Walhi tak menyerah. Kasasi diajukan ke Mahkamah Agung. Beruntung, hakim mahkamah menilai tindakan Menteri ESDM mengeluarkan SK izin operasi MCM di Meratus telah melanggar hukum. SK pun dibatalkan.

PT MCM bukannya diam saja. Diam-diam mereka mengajukan peninjauan kembali (PK). Namun pada 4 Februari 2021, Mahkamah Agung tetap menolak upaya PK dari PT MCM.

Implikasinya, izin tambang PT MCM menyusut. Wilayah Kabupaten HST dikeluarkan dari peta daerah konsesi MCM. Praktis, izin tambang PT MCM hanya tersisa di Kabupaten Tabalong dan Balangan saja.

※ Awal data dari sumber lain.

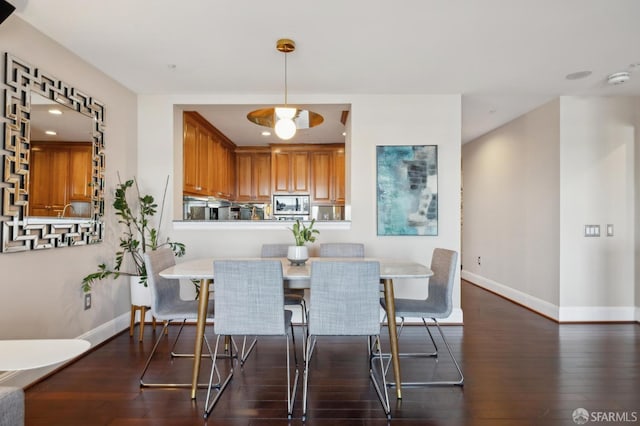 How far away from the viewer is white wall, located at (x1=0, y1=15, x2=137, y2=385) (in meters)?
2.22

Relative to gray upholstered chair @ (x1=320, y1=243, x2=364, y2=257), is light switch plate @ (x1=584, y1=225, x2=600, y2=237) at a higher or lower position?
higher

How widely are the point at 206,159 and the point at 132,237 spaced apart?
5.29 feet

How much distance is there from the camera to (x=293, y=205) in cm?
589

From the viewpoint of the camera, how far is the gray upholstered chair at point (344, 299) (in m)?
2.00

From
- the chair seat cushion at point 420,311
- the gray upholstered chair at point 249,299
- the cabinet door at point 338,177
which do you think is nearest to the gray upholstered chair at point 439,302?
the chair seat cushion at point 420,311

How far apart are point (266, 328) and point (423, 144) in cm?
256

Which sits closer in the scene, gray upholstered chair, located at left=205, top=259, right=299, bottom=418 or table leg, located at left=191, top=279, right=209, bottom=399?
gray upholstered chair, located at left=205, top=259, right=299, bottom=418

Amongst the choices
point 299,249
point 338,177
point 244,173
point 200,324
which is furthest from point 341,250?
point 244,173

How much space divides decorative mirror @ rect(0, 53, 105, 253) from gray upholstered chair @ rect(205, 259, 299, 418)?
135 cm

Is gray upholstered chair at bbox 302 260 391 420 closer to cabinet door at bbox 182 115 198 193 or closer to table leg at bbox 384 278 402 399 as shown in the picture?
table leg at bbox 384 278 402 399

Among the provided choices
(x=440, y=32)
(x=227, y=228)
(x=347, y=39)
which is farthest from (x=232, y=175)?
(x=440, y=32)

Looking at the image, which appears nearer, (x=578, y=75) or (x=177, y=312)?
(x=177, y=312)

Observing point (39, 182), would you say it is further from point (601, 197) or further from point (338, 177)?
point (601, 197)

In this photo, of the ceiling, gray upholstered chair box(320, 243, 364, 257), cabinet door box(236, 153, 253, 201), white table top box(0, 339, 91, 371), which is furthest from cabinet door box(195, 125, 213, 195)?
white table top box(0, 339, 91, 371) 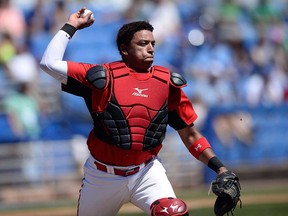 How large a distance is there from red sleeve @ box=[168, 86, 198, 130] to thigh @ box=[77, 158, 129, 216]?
0.66 metres

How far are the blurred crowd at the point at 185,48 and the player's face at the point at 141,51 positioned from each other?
7535 mm

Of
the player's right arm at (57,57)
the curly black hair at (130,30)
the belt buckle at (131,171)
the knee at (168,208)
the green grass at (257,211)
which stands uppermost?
the curly black hair at (130,30)

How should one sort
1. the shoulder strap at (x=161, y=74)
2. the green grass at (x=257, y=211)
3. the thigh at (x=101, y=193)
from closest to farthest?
the thigh at (x=101, y=193), the shoulder strap at (x=161, y=74), the green grass at (x=257, y=211)

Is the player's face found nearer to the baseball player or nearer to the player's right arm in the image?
the baseball player

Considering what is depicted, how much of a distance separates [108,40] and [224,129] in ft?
10.1

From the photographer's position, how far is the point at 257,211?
1002 centimetres

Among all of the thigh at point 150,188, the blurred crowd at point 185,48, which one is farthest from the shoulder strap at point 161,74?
the blurred crowd at point 185,48

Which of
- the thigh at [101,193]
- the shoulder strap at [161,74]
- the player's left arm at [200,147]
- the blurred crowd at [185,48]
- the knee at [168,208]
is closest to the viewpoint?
the knee at [168,208]

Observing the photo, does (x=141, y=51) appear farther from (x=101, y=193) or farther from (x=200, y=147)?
(x=101, y=193)

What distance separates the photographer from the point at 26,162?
43.3 feet

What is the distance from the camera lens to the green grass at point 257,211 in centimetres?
966

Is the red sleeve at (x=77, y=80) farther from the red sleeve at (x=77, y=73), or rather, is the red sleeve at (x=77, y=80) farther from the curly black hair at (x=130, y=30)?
the curly black hair at (x=130, y=30)

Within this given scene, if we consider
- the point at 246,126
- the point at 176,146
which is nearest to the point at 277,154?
the point at 246,126

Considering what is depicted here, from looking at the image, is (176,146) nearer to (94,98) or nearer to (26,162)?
(26,162) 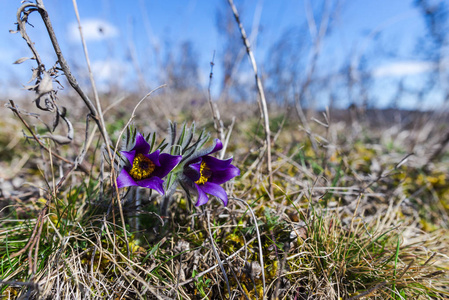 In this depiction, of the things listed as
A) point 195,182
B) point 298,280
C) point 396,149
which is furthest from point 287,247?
point 396,149

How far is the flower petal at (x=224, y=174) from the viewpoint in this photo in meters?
1.33

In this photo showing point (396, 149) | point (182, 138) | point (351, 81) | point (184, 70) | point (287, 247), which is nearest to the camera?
point (182, 138)

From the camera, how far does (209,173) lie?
1349 millimetres

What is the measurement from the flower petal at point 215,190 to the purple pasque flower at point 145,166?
0.19m

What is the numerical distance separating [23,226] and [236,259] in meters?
1.09

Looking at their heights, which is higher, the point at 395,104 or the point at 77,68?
the point at 77,68

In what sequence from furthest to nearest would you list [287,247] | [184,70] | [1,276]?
[184,70] → [287,247] → [1,276]

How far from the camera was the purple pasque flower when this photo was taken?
1126mm

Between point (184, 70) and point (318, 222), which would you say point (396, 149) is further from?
point (184, 70)

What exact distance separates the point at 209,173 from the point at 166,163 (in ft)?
0.79

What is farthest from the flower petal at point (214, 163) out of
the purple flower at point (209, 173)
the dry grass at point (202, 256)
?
the dry grass at point (202, 256)

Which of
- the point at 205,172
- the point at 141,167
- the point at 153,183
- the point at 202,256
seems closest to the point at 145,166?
the point at 141,167

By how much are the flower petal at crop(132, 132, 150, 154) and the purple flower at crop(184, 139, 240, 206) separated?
201 millimetres

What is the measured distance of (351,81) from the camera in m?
3.34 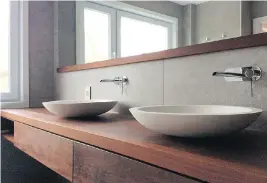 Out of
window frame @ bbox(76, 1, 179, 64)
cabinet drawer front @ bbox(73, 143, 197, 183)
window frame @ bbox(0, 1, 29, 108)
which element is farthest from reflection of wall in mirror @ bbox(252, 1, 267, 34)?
window frame @ bbox(0, 1, 29, 108)

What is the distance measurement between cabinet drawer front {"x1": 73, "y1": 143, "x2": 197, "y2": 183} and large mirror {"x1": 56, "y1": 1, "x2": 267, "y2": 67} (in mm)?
620

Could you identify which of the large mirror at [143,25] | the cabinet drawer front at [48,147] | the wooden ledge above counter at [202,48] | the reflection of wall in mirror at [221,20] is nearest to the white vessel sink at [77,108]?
the cabinet drawer front at [48,147]

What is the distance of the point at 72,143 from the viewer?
2.68ft

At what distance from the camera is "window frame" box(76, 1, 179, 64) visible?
46.5 inches

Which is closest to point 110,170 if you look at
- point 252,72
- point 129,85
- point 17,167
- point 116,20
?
point 252,72

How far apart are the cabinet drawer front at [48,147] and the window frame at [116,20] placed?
626 millimetres

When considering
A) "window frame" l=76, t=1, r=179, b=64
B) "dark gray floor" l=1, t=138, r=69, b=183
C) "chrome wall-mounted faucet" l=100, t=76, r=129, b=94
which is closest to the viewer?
"window frame" l=76, t=1, r=179, b=64

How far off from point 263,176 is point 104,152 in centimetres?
40

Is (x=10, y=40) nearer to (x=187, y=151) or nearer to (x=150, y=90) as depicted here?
(x=150, y=90)

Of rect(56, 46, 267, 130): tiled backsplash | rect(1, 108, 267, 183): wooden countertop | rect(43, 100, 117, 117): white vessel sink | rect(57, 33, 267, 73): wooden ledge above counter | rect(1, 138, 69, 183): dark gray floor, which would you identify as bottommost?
rect(1, 138, 69, 183): dark gray floor

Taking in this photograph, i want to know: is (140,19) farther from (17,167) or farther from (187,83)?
(17,167)

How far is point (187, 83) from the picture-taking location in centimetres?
102

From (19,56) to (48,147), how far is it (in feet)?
3.78

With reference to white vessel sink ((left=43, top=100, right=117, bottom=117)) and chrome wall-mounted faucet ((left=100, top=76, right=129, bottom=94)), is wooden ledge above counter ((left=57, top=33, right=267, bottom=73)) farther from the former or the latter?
white vessel sink ((left=43, top=100, right=117, bottom=117)) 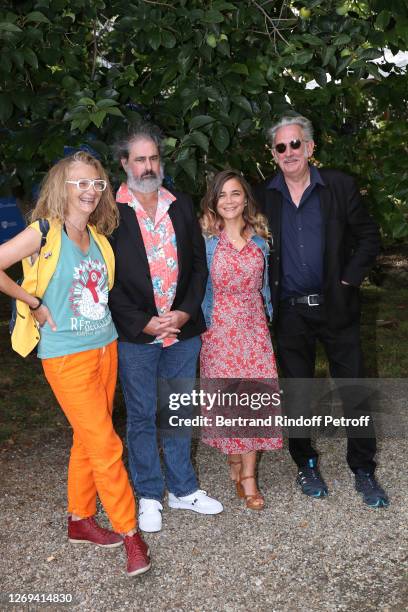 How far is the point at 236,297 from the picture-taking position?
4.37 metres

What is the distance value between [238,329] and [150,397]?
0.63m

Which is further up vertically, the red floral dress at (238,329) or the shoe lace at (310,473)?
the red floral dress at (238,329)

Detailnya, sesuai SK Menteri ESDM Nomor 4.K/MB.05/DJB.B2021 sampai 25 Desember 2034, total luas izin tambang MCM hanya tersisa 3,944 hektare.

Wilayah konsesi PT MCM mencakup dua kabupaten sekaligus. Foto: Dok.Walhi

Namun Kisworo heran. Mengapa pemerintah tidak mencabut izin PT MCM dan justru mengeluarkan SK baru untuk PT MCM hingga 2034.

“Ini modus pemerintah menghidupkan MCM lagi dengan mengeluarkan nomor SK yang baru,” jelas Kisworo.

Sampai hari ini MCM pun terus menambang batu bara di Balangan dan Tabalong.

Truk-Truk Bermunculan 

Masalah mulai muncul ketika truk-truk angkutan batu bara yang diduga berasal dari PT MCM menggunakan jalan raya di Kalimantan Timur. Kemunculan truk-truk pengangkut emas hitam ini memicu keresahan warga se-Kabupaten Paser. Desember 2023, misalnya, selama dua hari warga Desa Batu Kajang memblokir dan menghadang konvoi truk batu bara.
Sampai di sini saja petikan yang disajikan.